Tandis que tous sont prompts à s’insurger contre leurs semblables pour des raisons toutes plus pertinentes les unes que les autres, une forte fraction sont coupables des crimes contres lesquels ils militent bruyamment. Dans ce cas ci, le piéton contre lequel je vocifère présentement est probablement le vieil effronté qui tourna à droite sur un feu rouge (où il était d’ailleurs interdit de tourner à droite en tout temps) tandis que le passage pour piétons était activé. Ce responsable de tous les maux est d’ailleurs probablement le père de l’adolescent suintant et odorant qui, dans l’autobus, prenait toute la largeur de l’allée déjà encombrée en ne prenant pas la peine de retirer son immense sac à dos et qui, la veille, n’a pas laissé sa place à une vieille dame. Au souper, ils discuteront du vieil hurluberlu qui roulait à 40 kilomètres/heure avec sa Chevrolet Impala blanche (seul un être humain HORRIBLE pour oser posséder une Chevrolet Impala blanche) et de cette vieille dame sans scrupules qui est tombée sur l’ado, lui faisant échapper son iPhone qui, heureusement, n’a pas été endommagé. TOUT LE MONDE EST COUPABLE! Évidemment, je ne fais pas partie de « tout le monde ».

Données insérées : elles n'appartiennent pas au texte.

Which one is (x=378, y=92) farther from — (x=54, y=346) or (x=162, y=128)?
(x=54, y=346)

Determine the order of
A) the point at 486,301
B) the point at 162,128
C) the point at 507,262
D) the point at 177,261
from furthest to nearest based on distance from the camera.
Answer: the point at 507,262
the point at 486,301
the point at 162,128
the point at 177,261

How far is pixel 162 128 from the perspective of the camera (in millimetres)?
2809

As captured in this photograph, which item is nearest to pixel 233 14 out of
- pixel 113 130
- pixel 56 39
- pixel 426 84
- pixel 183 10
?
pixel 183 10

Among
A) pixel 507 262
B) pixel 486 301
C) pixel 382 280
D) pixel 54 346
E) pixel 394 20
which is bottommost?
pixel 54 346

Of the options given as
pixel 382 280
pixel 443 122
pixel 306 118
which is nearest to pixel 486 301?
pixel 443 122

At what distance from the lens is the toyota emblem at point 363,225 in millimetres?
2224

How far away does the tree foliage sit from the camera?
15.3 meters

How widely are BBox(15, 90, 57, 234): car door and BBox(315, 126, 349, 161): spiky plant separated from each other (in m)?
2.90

L’erreur étant humaine, de tels actes irréfléchis peuvent survenir même avec les intentions les plus pures. Accidents malheureux obligent, les politesses d’usage sont ensuite requises. Ceci dit, les statistiques (étudiées par mes bons soins et dépourvues de fondements acceptables) démontrent que les ignobles mécréants qui marchent lentement en plein centre du trottoir avec leurs gigantesques sacs d’épicerie ballottant de chaque côté n’ont pas tendance à s’excuser outre mesure lorsqu’ils se font dépasser par la rue et/ou insulter vivement tandis qu’ils devraient normalement tomber à genoux et supplier que l’on épargne leur misérable vie pour cet affront. À tous ces impolis du trottoir je souhaite de sombrer dans le bourbier de l’éternelle puanteur.